NASA originally built 18 survival backpacks for UEMs in the shuttle era, and 11 of them are still certified for spaceflight, according to a 2017 report from the US. Inspector General of NASA reviewing the agency's space suit projects. Five of the resuscitation units, the most complex part of the suits, were destroyed during missions, including two on the Space Shuttle Challenger and Columbia accidents and one on a SpaceX cargo rocket that failed during the launch.

The space suits of the time of the shuttles were not to remain in space for years, contrary to what they are now for the space station. The NASA Inspector General wrote in 2017 that "space suits operate in a different environment aboard the ISS, with longer periods between refurbishment and some maintenance tasks performed in orbit.

"This has highlighted several shortcomings in the design of EMU," the inspector general wrote, highlighting his concerns about water leaks and the limited ability of astronauts to perform repairs in space.
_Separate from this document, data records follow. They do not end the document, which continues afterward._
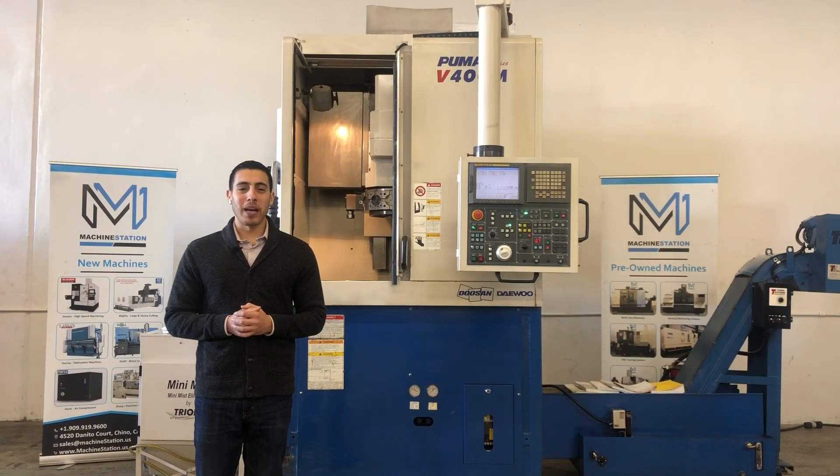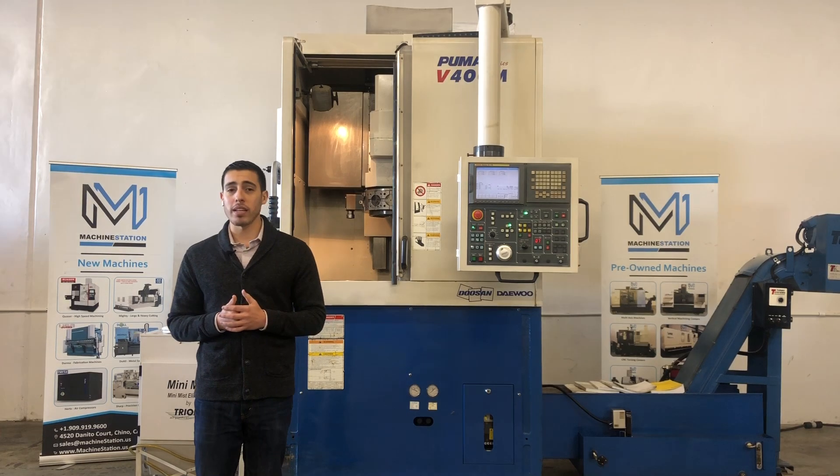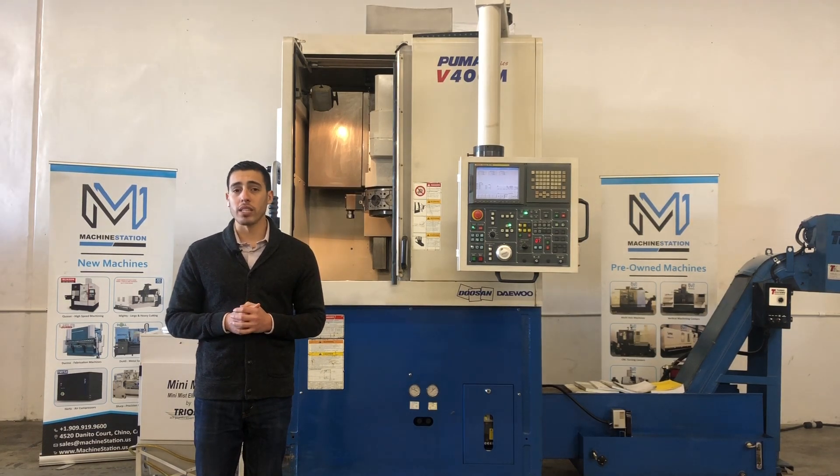Hello everyone, welcome back to Machine Station. Today we have a Daewoo Doosan Puma V400M. This VTL machine is a box way machine for heavy cutting. It comes equipped with a Fanuc 21i TB control, a 15-inch three-jaw hydraulic chuck, 12-station live tooling turret, mist collector, variable speed chip conveyor, books and manuals. For full specs, I will list it in the description below. Let's take a look at the machine.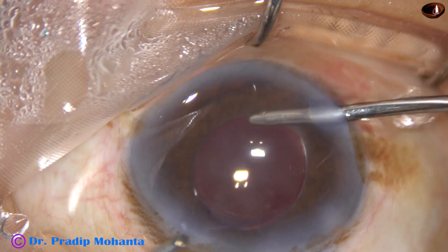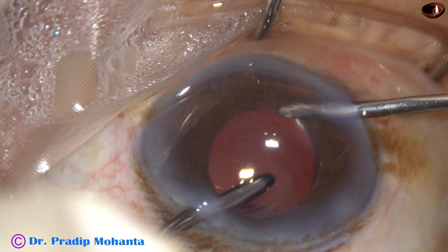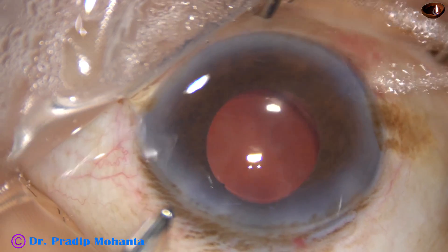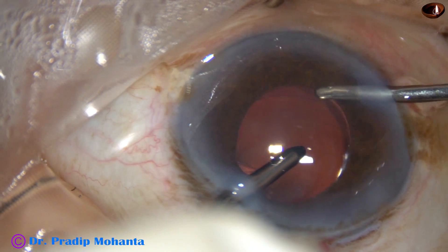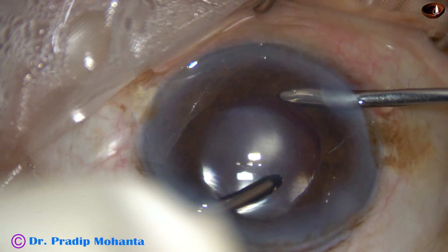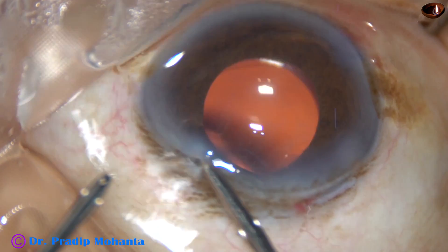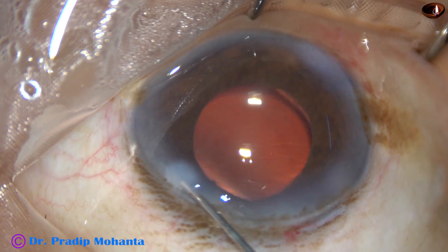Now I have to remove the visco thoroughly. Friends, patience — more patience — still more patience is the key to success in such challenging cases. I took 27 minutes for this surgery, which has been edited down to about 15 minutes, but still it is a lot of time. If you have watched this whole surgery, it has increased your patience, and I hope you will be encouraged to take challenging cases and develop the necessary skills to manage them.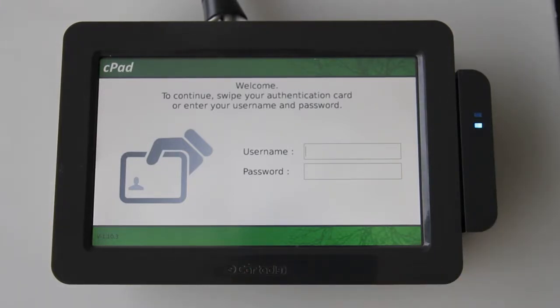This is the authentication screen. The CPAD works by locking the copier until a user has authenticated through the screen. They are then tracked and controlled accordingly. The CPAD supports various modes of authentication.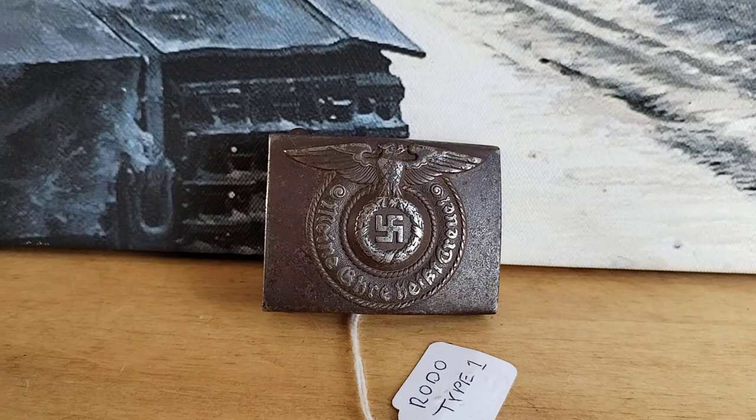Hi, welcome back to the channel. This is Blitz944 and today we are looking at a World War 2 SS belt buckle. This was requested by one of our viewers called John Scott, who requested we do an SS belt buckle video. We did let him know that we only have the one SS belt buckle, so we can't do a whole video about SS belt buckles.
The Agency's internal oversight body also noted limitations on the size of the suits, as well as the propensity of the gloves to cause injuries to the hand,

NASA is currently working on a new space suit concept called EMU Exploration, which could be ready for a demonstration run outside the space station in 2023. The modernized space suit would also be designed for exits from missions far from the Earth. , such as the proximity of the moon.
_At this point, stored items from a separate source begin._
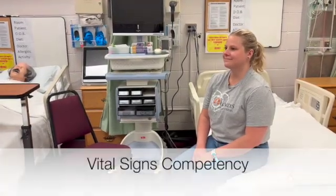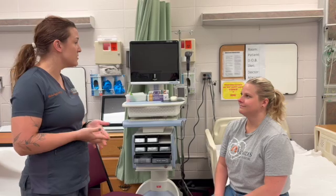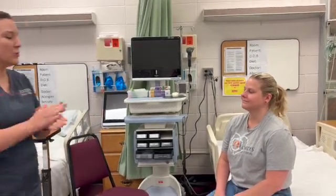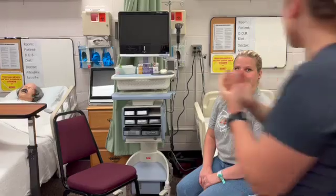Come in. Hi, my name is Chelsea. I'm going to be your nurse today. I've come in to perform a set of vital signs. Is that okay with you? I'm just going to perform some hand hygiene here and I'll pull the curtain over here for privacy. And then can you just verify your birth and last name for me?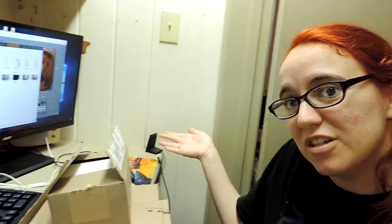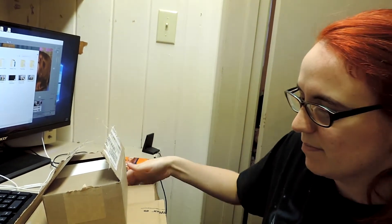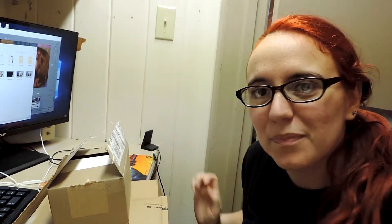Hey guys! So I am here with a few packages. Let me show you right here. There's three of them. No, it's not from people watching. We don't have a P.O. box, sorry. Plan on getting one eventually, but I figure we should probably wait until there's more people subscribed. I don't know, what do you guys think? Anyway, I ordered a few things and they finally all arrived.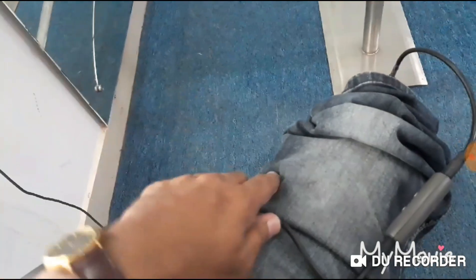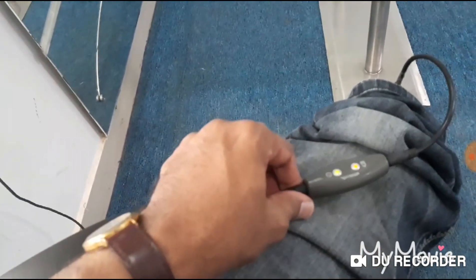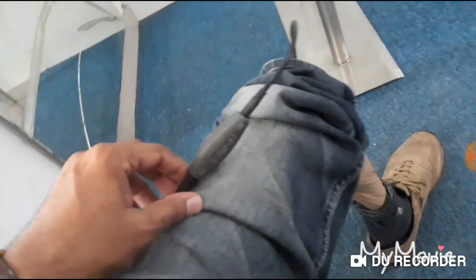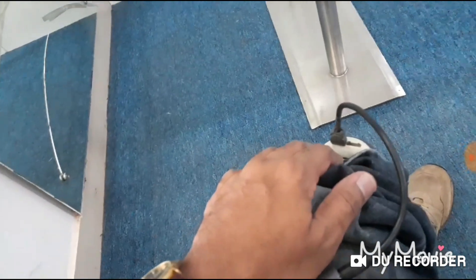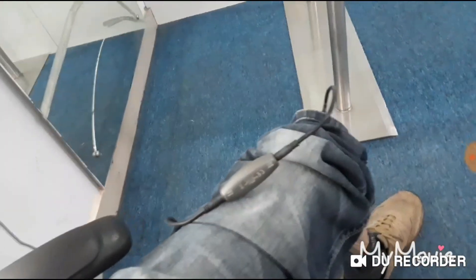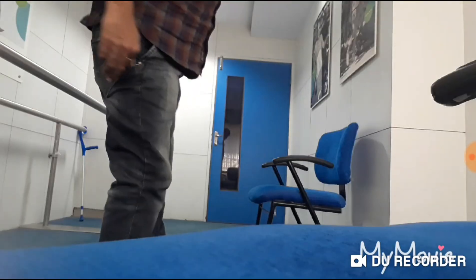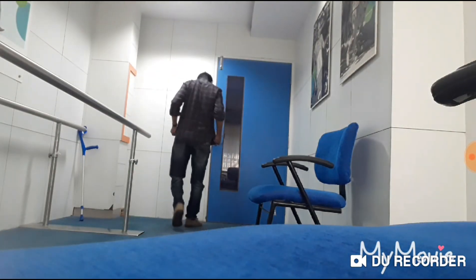Finally they gave me a spare charger. Thankfully it is working and the C-Leg is getting charged. After 15 to 20 minutes of charging, my knee lock will get free and I can go to my destination. Further charging can be done overnight or whenever you are free.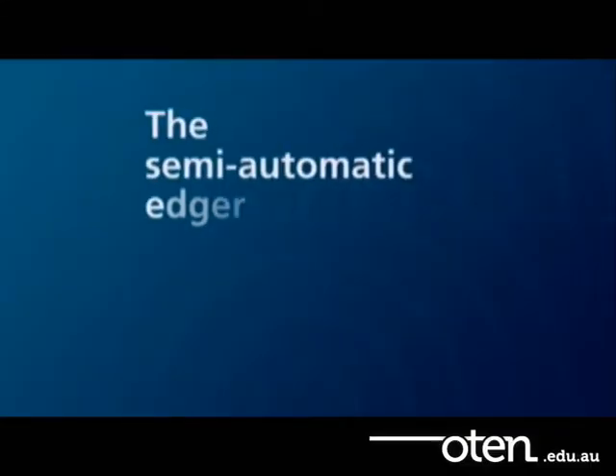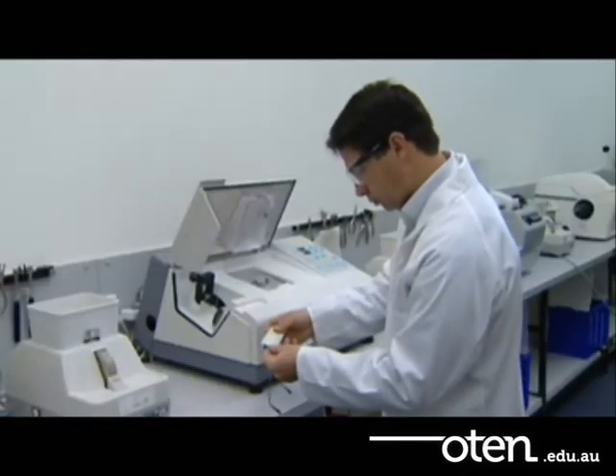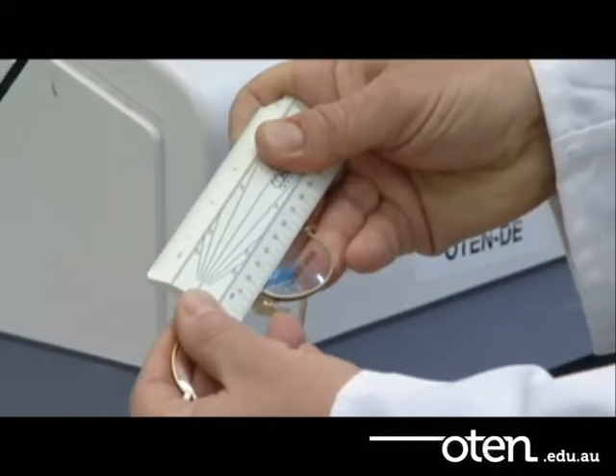In this video we'll be looking at the semi-automatic edger. Before you can place the lenses onto the edger, you must measure the frame. You should use the boxing frame measurement system to do this.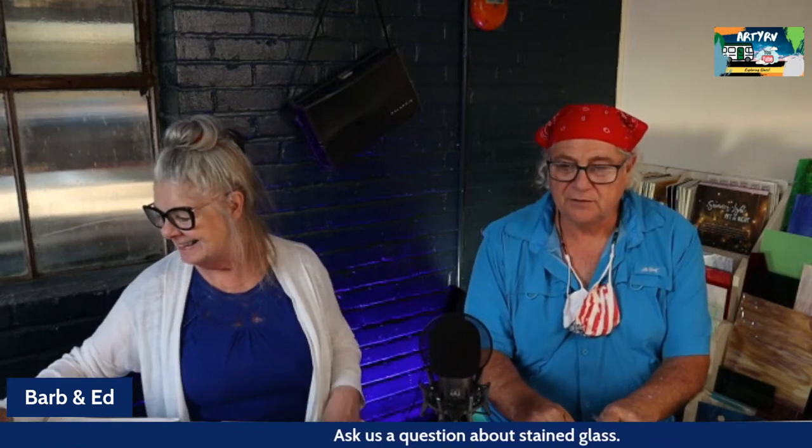Hi everybody, I'm Ed and I'm Barb and we're the Streeters. Welcome to the RDRV channel and tonight's Q&A. We're so excited to be here. Happy Fourth of July, we hope you're having a great day. Don't be eating too many hamburgers or hot dogs, or maybe you even started a new project for the Fourth of July — either way it's awesome.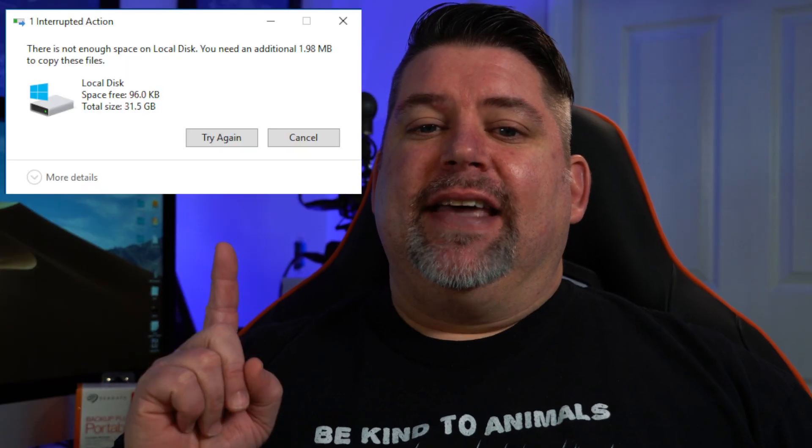Let's be honest, you don't think about storage on your computer until you get that message. And no, you don't need an external SSD or a server that has 336 terabytes of storage. So we fixed this problem by building a 336 terabyte server. Okay, maybe that guy.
In NASA's 2017 Space Combination Project Report, the agency's Inspector General said NASA has spent nearly $ 200 million on space suit development efforts since 2007.

"Despite this investment, the agency will not need a ready-to-fly space suit that can replace EMU or use EVA for future exploration missions," the inspector wrote. general.

More recently, members of the Independent Aerospace Safety Advisory Group, or ASAP, discussed space suit development efforts at a meeting on March 7.

"The maintenance of EVA suits remains a challenge and a priority," said Richard Williams, a former NASA medical and health executive, who sits on the safety committee.

Williams announced on March 7 that NASA was currently studying the possibility of extending the lifespan of current space suits until 2028.

Patricia Sanders, president of ASAP, urged NASA to prioritize a new generation space suit.

"Rather than continuing to spend resources to extend the life of existing combinations, it would be very useful for them to be able to hear more quickly with a replacement combination, which we believe would be useful for long term, "Sanders said.

"They are doing heroic things to extend the life of the current suit, but we really have to think long term," said Susan Helms, former space shuttle astronaut and space station, member of the ASAP.